薔薇の名前〈上〉〈下〉
"写字室の中は冷えきっていて、親指が痛む。この手記を残そうとはしているが、誰のためになるのかわからないし、何をめぐって書いているのかも、私にはもうわからない〈過ギニシ薔薇ハタダ名前ノミ、虚シキソノ名ガ今ニ残レリ〉。"1980年発表の本書はイタリアの記号論大家による映画化もされた世界的ベストセラーにして、7日間の重層的な擬似枠物語。
個人的には主宰する読書会の課題図書として、分厚さと情報量の多さから積読したままになっていた本書をようやく手にとりました。

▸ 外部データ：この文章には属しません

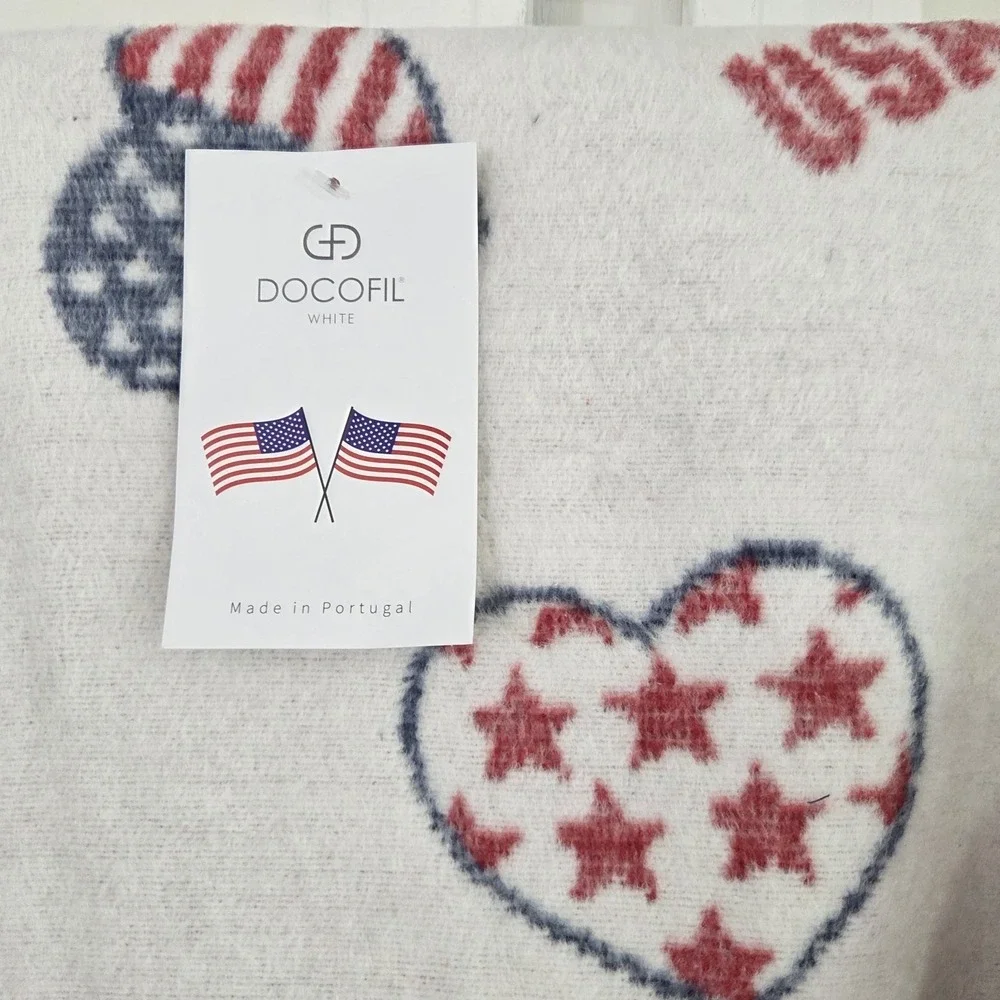 Docofil USA Hearts Patriotic Day Throw Blanket 51x67 July 4th Made in Portugal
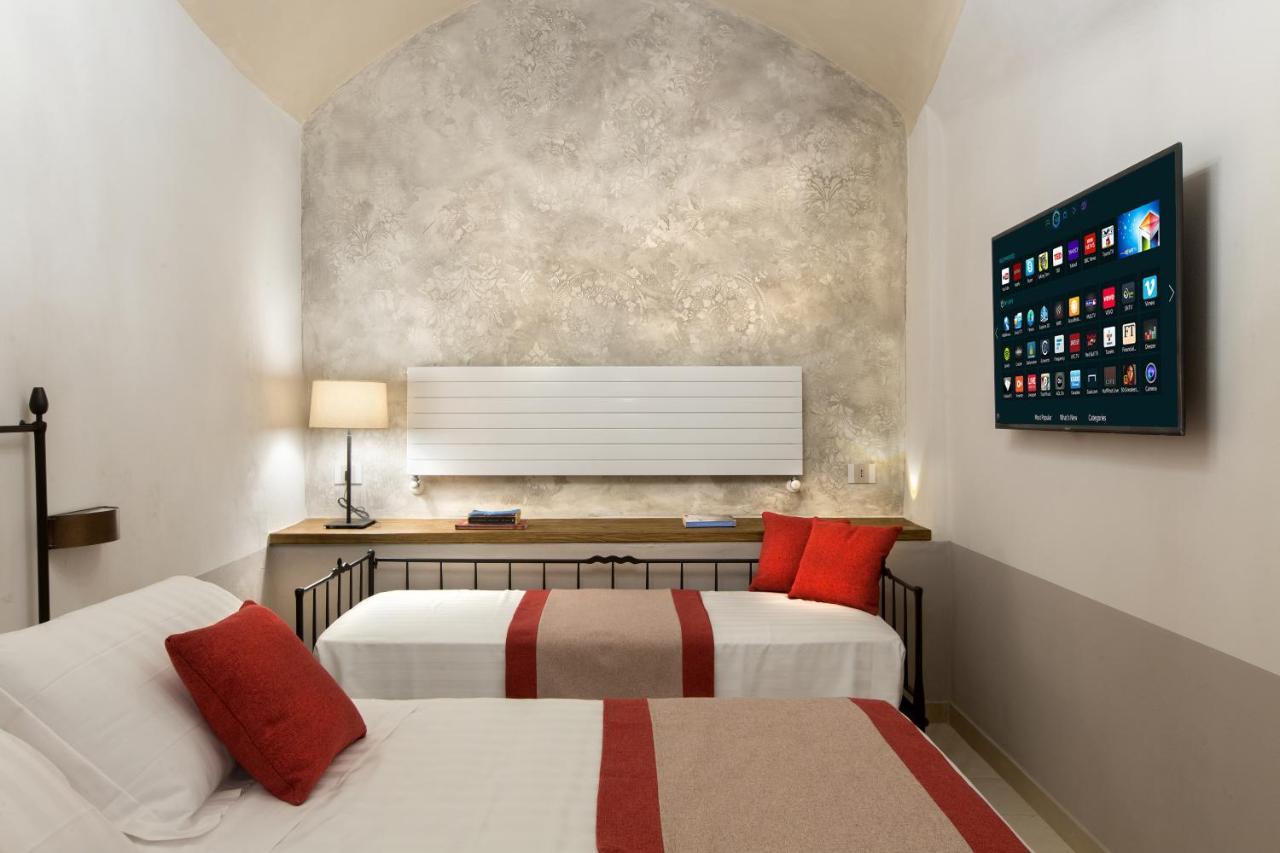 Bed and Breakfast Dimora Del Leone Гаэта Экстерьер фото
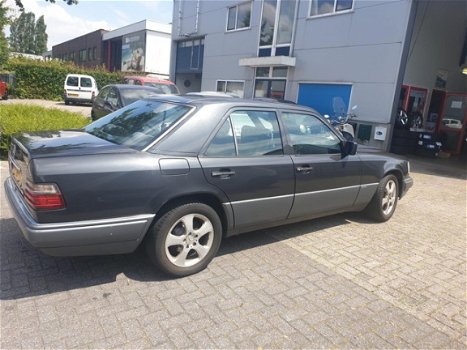 Mercedes-Benz E-klasse - 200 Elegance - 1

さて、そんな本書は老僧アドソが【見習い修道士であったころの見聞を回想している】という形式を外枠に、イタリアのボッカチオ、10日物語『デカメロン』に代表される枠物語として内部には名うてのシャーロキアンでもあった著者によって、ネーミングから完全にホームズとワトソンを連想させられるバスカヴィルのウィリアム修道士と見習い修道士にして語り部役のアドソが修道院の連続殺人事件の謎を追いかける【7日間のミステリー小説】が収められているわけですが。
まず、とは言え"中世時代のミステリーでしょ?"と気軽な気持ちで読み始めて圧倒されてしまうのは、直接的な殺人事件の謎解きというよりは背景となる【ローマ・アヴィニョン軸の教皇とドイツ・神聖ローマ帝国による世俗的な権力を巡る争い】が作中の様々な立場を持つ登場人物たちの宗教、歴史、哲学など【膨大な情報量に溢れた会話としてあらわれている】部分で、正直に言うと上巻の時点で勉強不足な私は早くも挫折しそうになりました(下巻からスピードアップ?するので、何とか読み終えることはできましたが)

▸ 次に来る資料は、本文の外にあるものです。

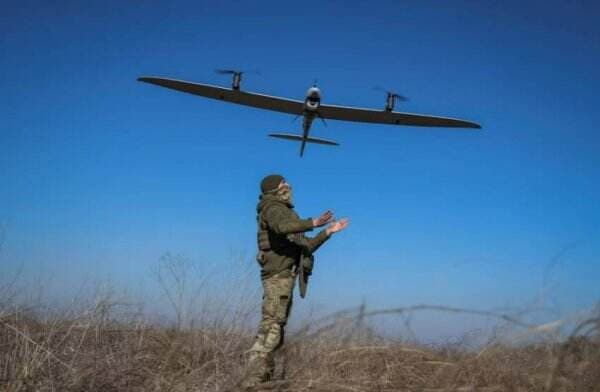 Mengapa Drone Jadi Senjata Pamungkas untuk Bertahan dalam Perang dengan Rusia?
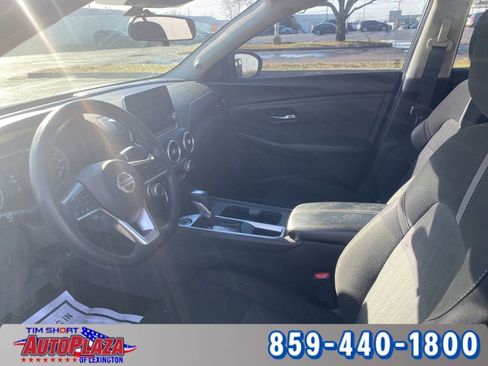 Used 2023 Nissan Sentra SV w/ Trunk Package image 18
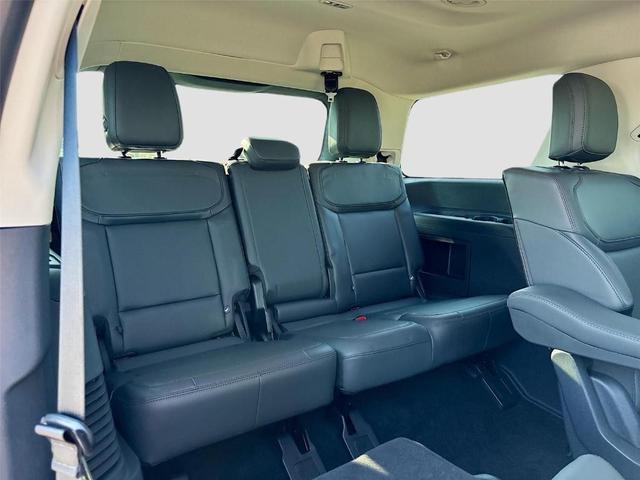 Photo of 2025 Agate Black Metallic Ford Expedition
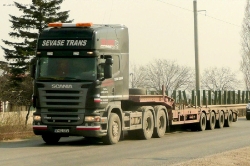 RO-Scania-R-580-schwarz-Vorechovsky-150309-03
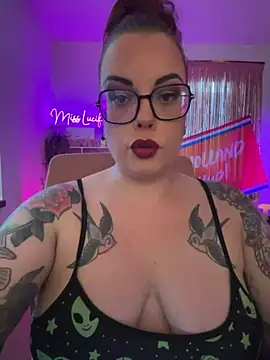 Miss Lucifer6 online show from June 26, 7:37 pm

一方で、では難解な本か?と言われると(未鑑賞なのですが)映画ではウィリアムとアドソをそれぞれ、ショーン・コネリーとクリスチャン・スレーターが演じた姿を頭に浮かべながら、宗教論争をすっ飛ばして【閉じられた舞台(僧院)での本格ミステリー】としても十分にエンタメ作として感情移入して楽しめるわけで。
個人的には、それぞれに細密画家や古典翻訳、薬草やガラス係といった担当を持ち、僧院自体が文化サロン的役割を担っている部分やBL的な所は京都在住の私は【天龍寺の五山文学界隈(伊藤若冲と大典和尚)みたいなイメージで日本イメージ化し】またウィリアム含め本を追い求める姿にはルネサンス黎明(れいめい)期のイタリアで写本を見つけ出し、それを正確に筆写するブックハンターの姿を描いた傑作【『一四一七年、その一冊がすべてを変えた』(スティーヴン・グリーンブラット著)を直接的に思い出して】勝手に補完しながら楽しませていただきました。
重層的なレイヤーが込められた作品なので、読み手の眺め方によって、また年齢によっても感じ方が変わる本なので。何度か読み直すことになりそうな一冊。ミステリー好きはもちろん、中世や宗教論争といった文化や歴史に興味ある方にもオススメです。